Comparison of three artificial neural network approaches for estimating of slake durability index


TAŞDEMİR Y., KOLAY E., KAYABALI K.

ENVIRONMENTAL EARTH SCIENCES, cilt.68, sa.1, ss.23-31, 2013 (SCI-Expanded) identifier identifier

  • Yayın Türü: Makale / Tam Makale
  • Cilt numarası: 68 Sayı: 1
  • Basım Tarihi: 2013
  • Doi Numarası: 10.1007/s12665-012-1702-3
  • Dergi Adı: ENVIRONMENTAL EARTH SCIENCES
  • Derginin Tarandığı İndeksler: Science Citation Index Expanded (SCI-EXPANDED), Scopus
  • Sayfa Sayıları: ss.23-31
  • Anahtar Kelimeler: Slake durability index, Feed-forward back propagation, Radial basis function based neural network, Generalized regression neural networks, FEEDFORWARD NETWORKS, PREDICTION, ROCK, REGRESSION, EVAPOTRANSPIRATION, SUSCEPTIBILITY, TURKEY, SOILS
  • Yozgat Bozok Üniversitesi Adresli: Evet

Özet

Slake durability index (I (d2)) is an important engineering parameter to assess the resistance of clay-bearing and weak rocks to erosion and degradation. Standard test sample preparation for slake durability test is difficult for some rock types and the test is time-consuming. The paper reports an attempt to define I (d2) using other parameters that are simpler to obtain.
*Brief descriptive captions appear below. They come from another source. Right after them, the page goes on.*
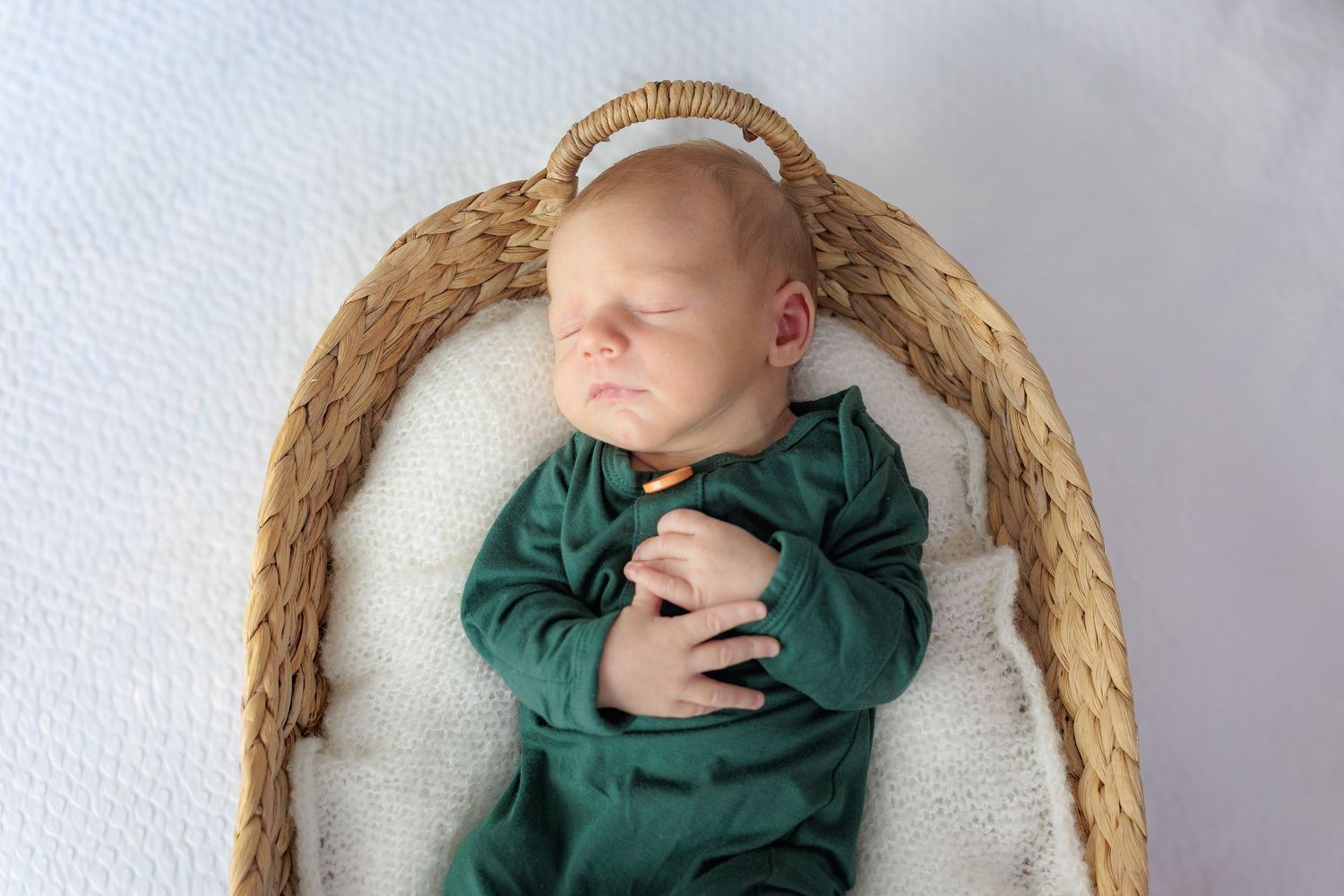 A sleeping baby in a woven basket wearing a dark green outfit lies on a white textured blanket.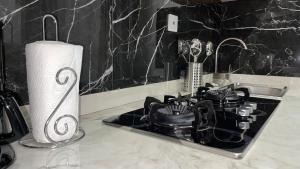 Kuchyň nebo kuchyňský kout v ubytování Suna' a Home Bonapriso
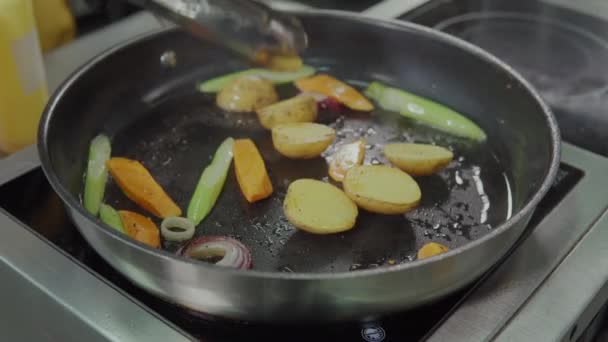 Frying ingredients on frying pan. - Footage, Video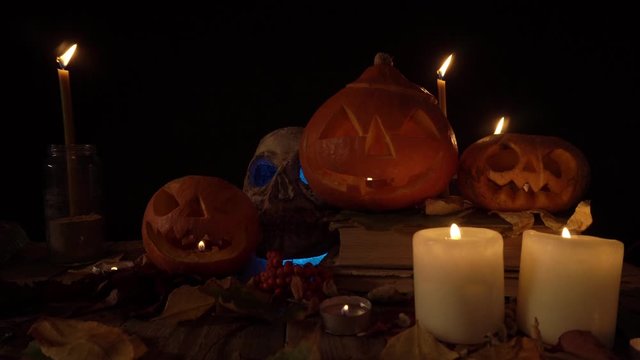 Halloween decorations Jack's lanterns and skull in candlelight, loope video. Theme of autumn holidays, rituals and traditions on Halloween. Craft handmade pumpkin for decoration. Video can be looped.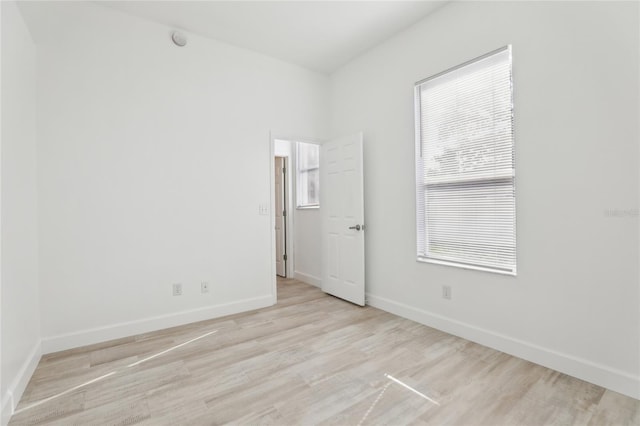 empty room with light wood-type flooring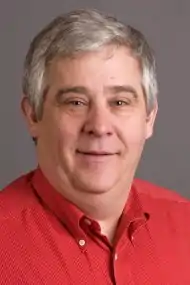 Middle-aged man with grey hair in a red polo shirt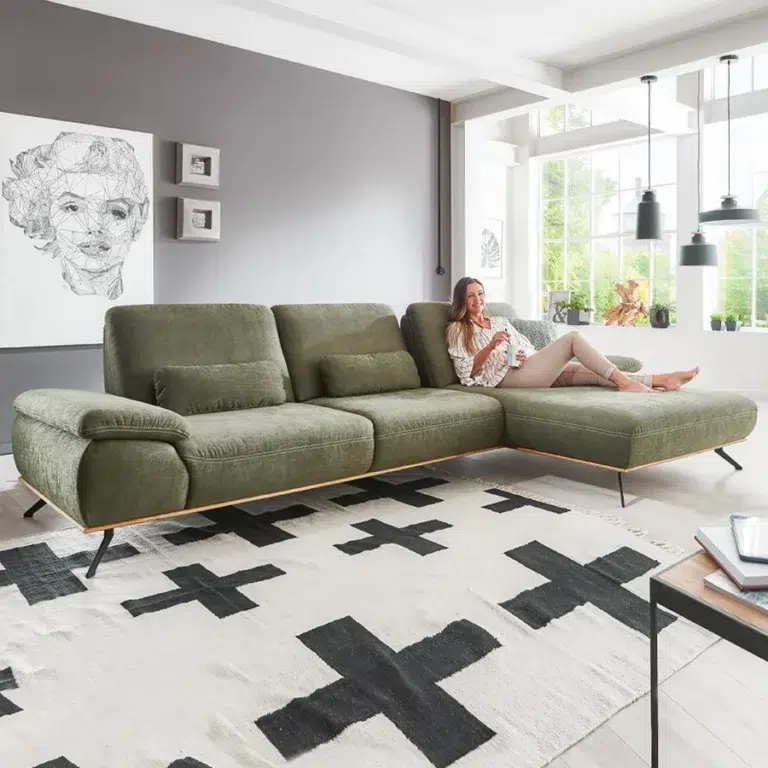 Gemütliches Wohnzimmer mit Ecksofa und Fensterfront.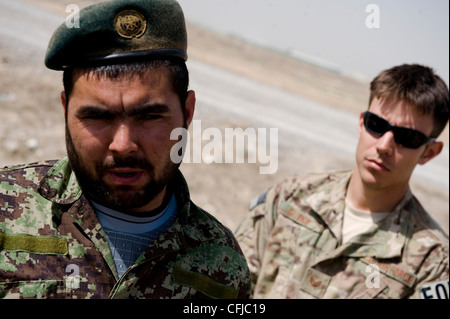 KANDAHAR, Afghanistan - Fakhr Uddin (links), ein afghanischer Soldat der Nationalen Armee, nimmt an einer Nachbesprechung Teil, nachdem er während der Staff Sgt. Kenneth Guinn, 96th Explosive Ordnance Disposal Flight Operating Location-Bravo Partnership Team Mitglied, schaut auf März 13. Die dem Partnerschaftsteam zugewiesenen Piloten trainieren, betreuen und validieren anschließend die ANA EOD Techniker. Stockfoto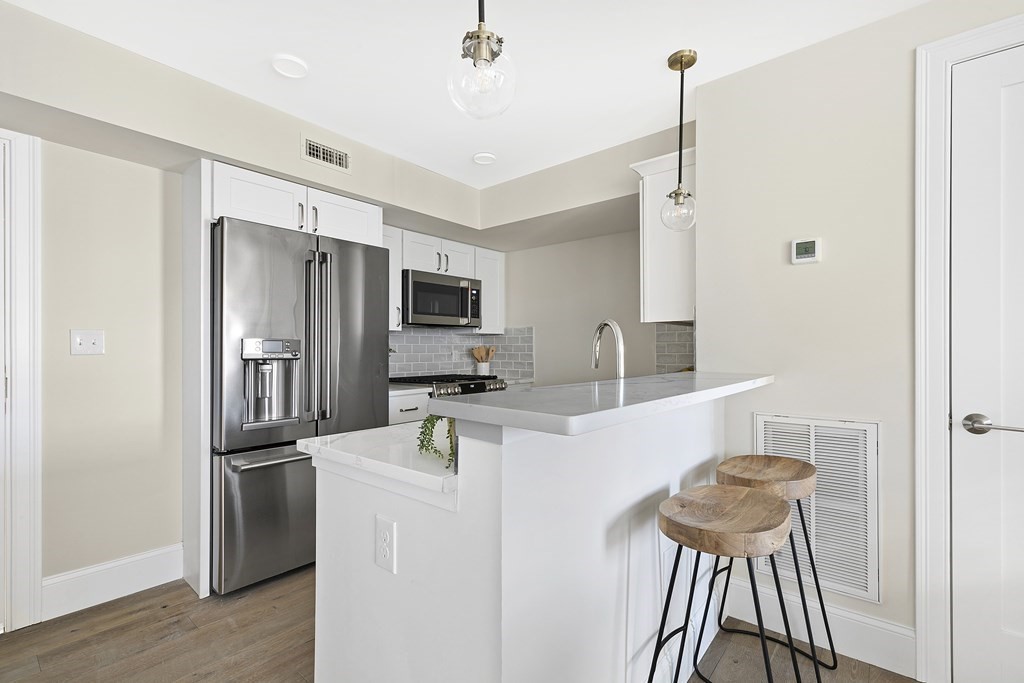 29 Ward Street, Unit 101 Boston, MA 02127 - Photo 5 of 11 a kitchen with stainless steel appliances a refrigerator and a stove
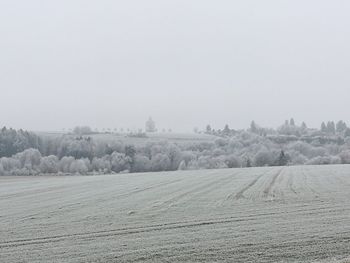 Scenic view of agricultural field against sky during winter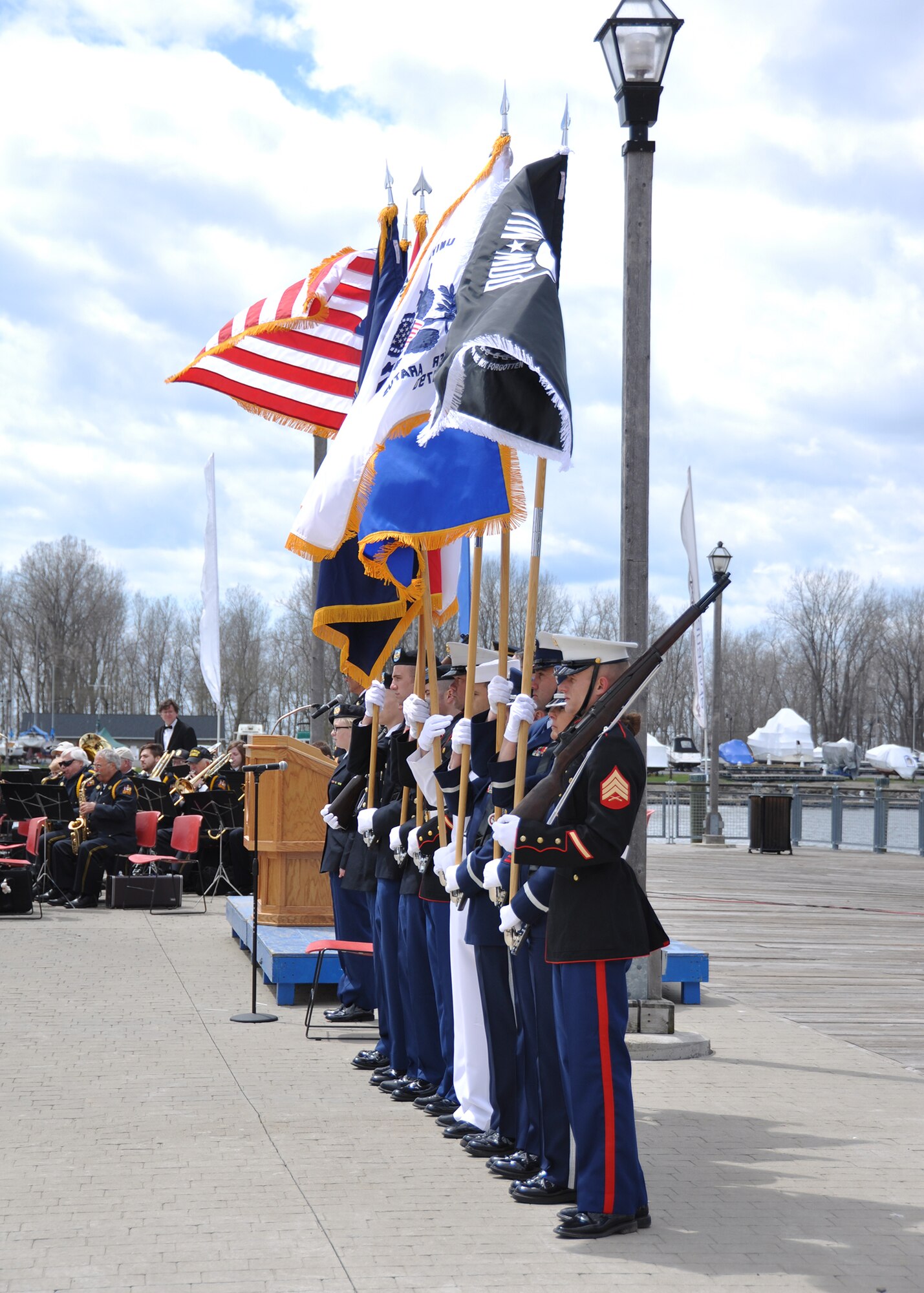 Members of the Joint Color Guard stand at attention as the 54th Annual Western New York Armed Forces Week opening day ceremony commences, May 4, 2014. The ceremony was held at the Buffalo and Erie County Naval and Military Park and marks the start of a week of recognition, saluting veterans past and present. (U.S. Air Force photo by Staff Sgt. Stephanie Clark) 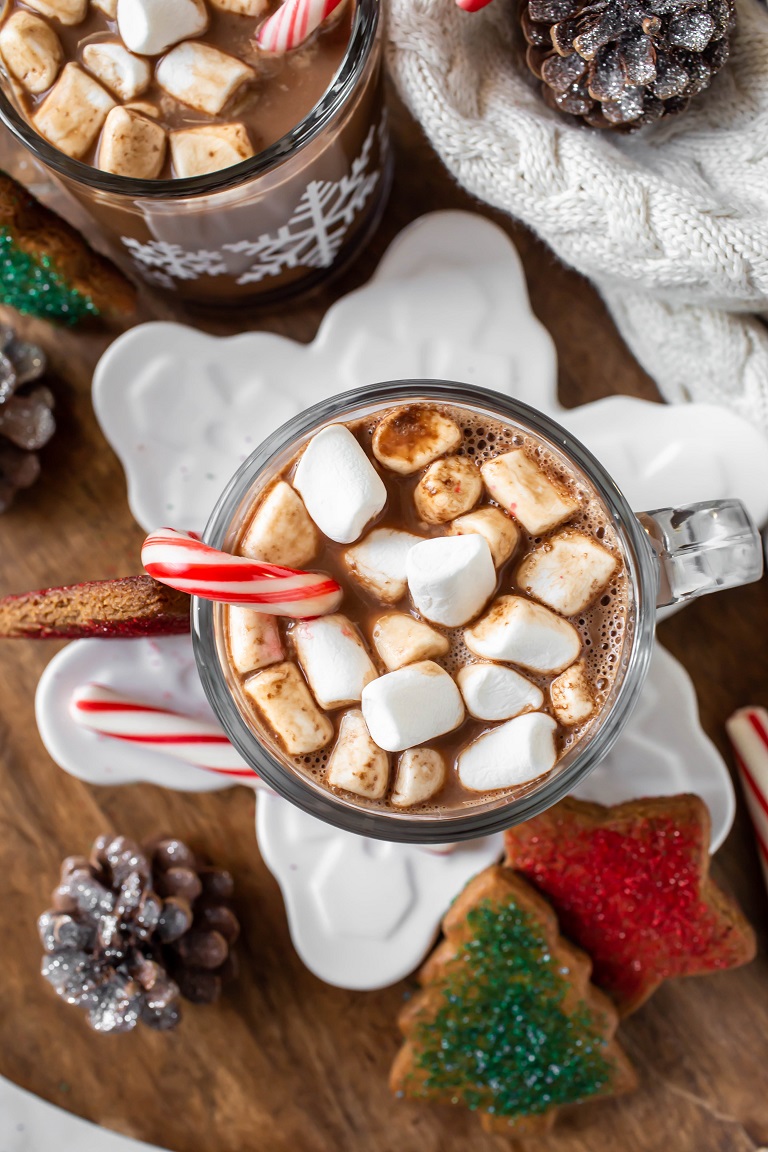overhead view of mug with marshmallows and candy cane on white snowflake plate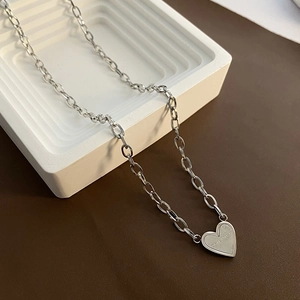 Silver heart pendant necklace with Never Forget engraving and thick O-chain design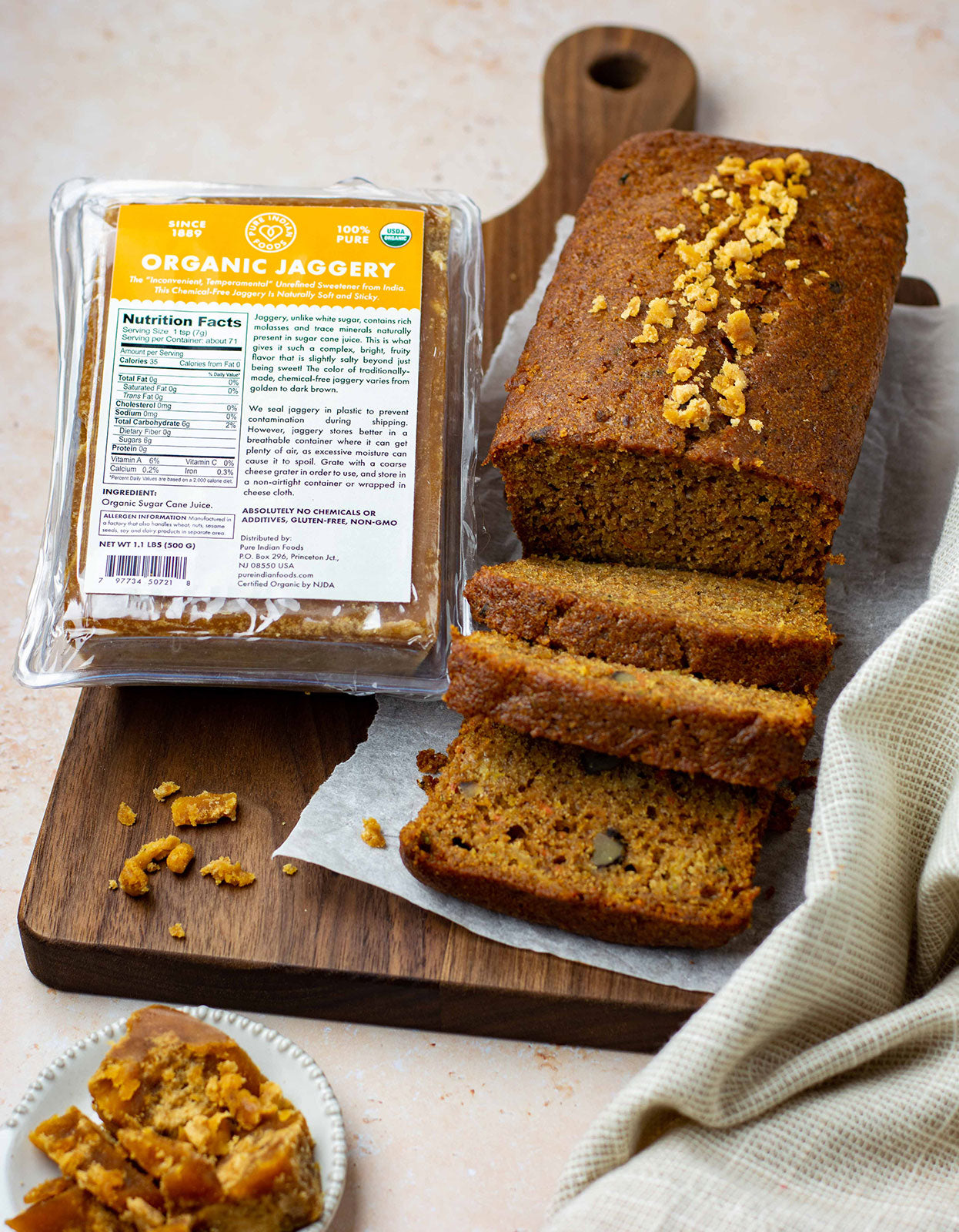 Photo of Pure Indian Foods Organic Jaggery, also known as panela or rapadura, next to a loaf of bread that was baked with it.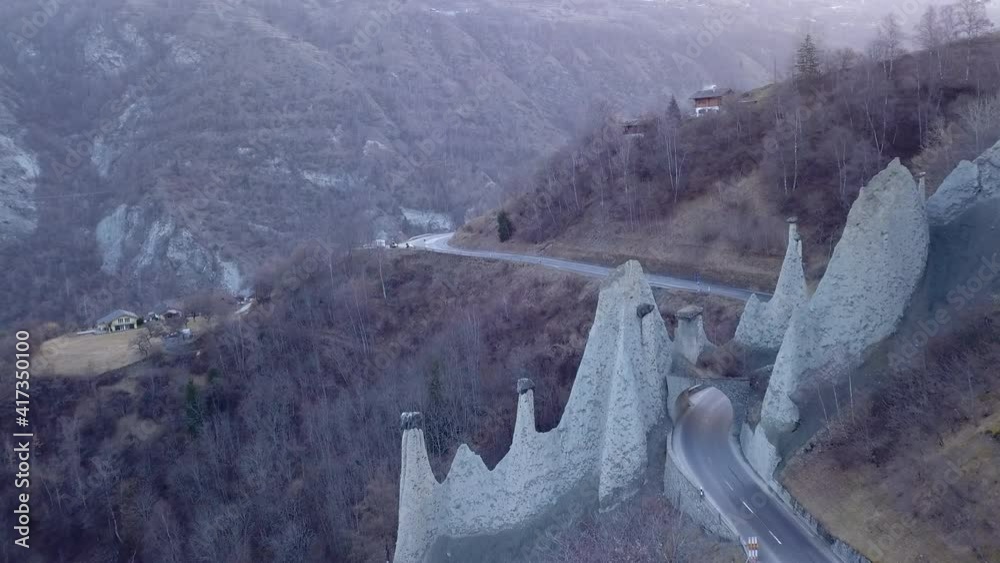 Aerial forward over Euseigne pyramids and surrounding landscape. Switzerland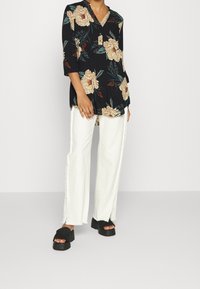 Svart blommig blus med beige blommor och gröna blad, med V-ringning och trekvartsärmar, tillsammans med vita byxor med fransar och svarta plattformssandaler.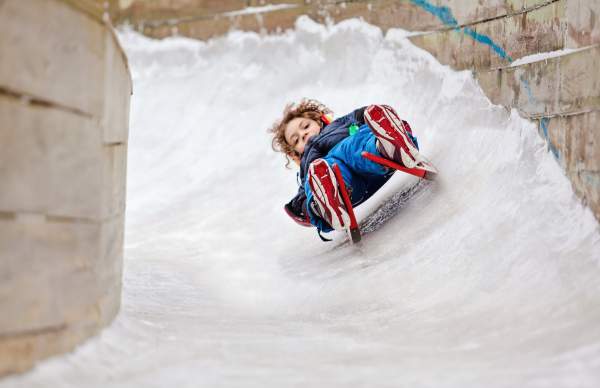 young boy crests curve of snow covered luge track on luge sled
In this study, three different artificial neural network approaches, namely feed-forward back propagation (FFBP), radial basis function based neural network (RBNN), and generalized regression neural networks (GRNN) were used for estimating I (d2). The determination coefficient (R (2)), root mean square error and mean absolute relative error statistics were used as evaluation criteria of the FFBP, RBNN, and GRNN models. The experimental results were compared with these models. The comparison results indicate that the GRNN models are superior to the FFBP and RBNN models in modeling of the slake durability index (I (d2)).